Only one stretch of lines is wanted: the line with "Yapay zeka nedir?" through the final line of the material. Restate it word for word, minus pictures.

........

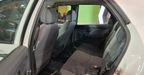 Fiat Palio 1.4 FIRE Hatchback 2015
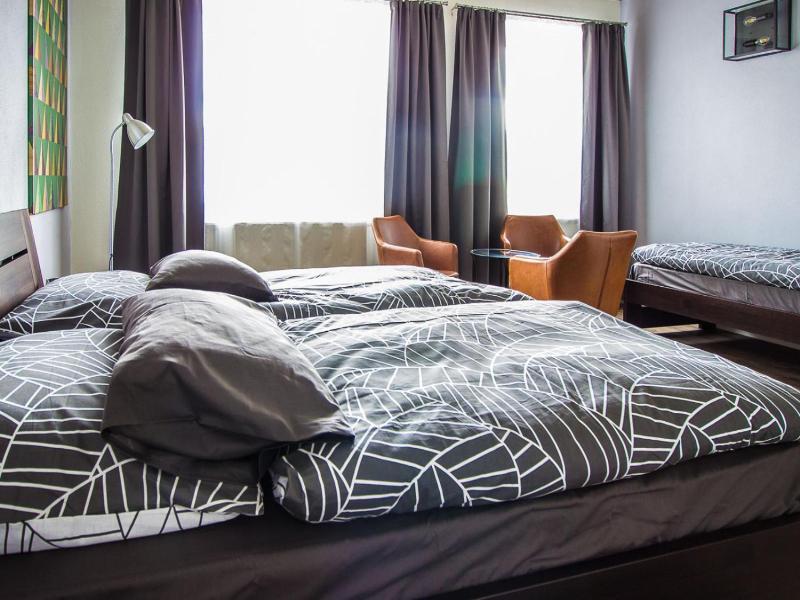 Hotel 63 image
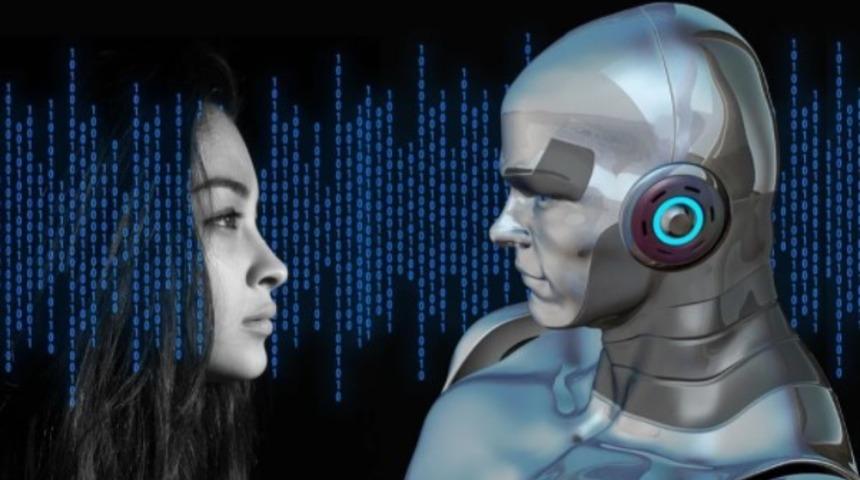 Yapay zeka nedir? Yapay zekanın çalışma sistemi nasıldır?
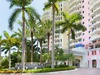 Club-Twr-Three-#1004-01 - 781 Crandon Boulevard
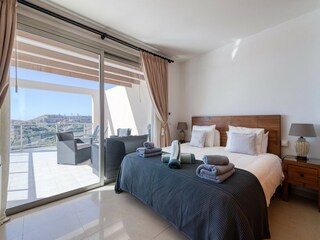 Villa Maspalomas Caratteristiche 14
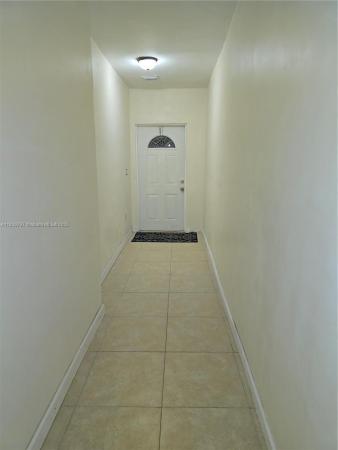 Benson Park, 9200 SW 164th St #9200, Palmetto Bay, Florida 33157, image 1
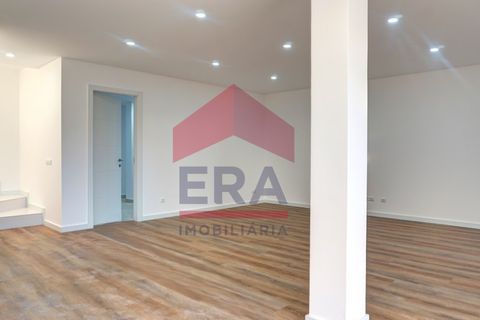 Villa i Lourinha, Lisbon, Lourinha - € 1.050.000 | Ref: 150250359 - foto 8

........

● **Answer area**
 Yapay zeka nedir? Yapay zekanın çalışma sistemi nasıldır?
 Club-Twr-Three-#1004-01 - 781 Crandon Boulevard
 Villa Maspalomas Caratteristiche 14
 Benson Park, 9200 SW 164th St #9200, Palmetto Bay, Florida 33157, image 1
 Villa i Lourinha, Lisbon, Lourinha - € 1.050.000 | Ref: 150250359 - foto 8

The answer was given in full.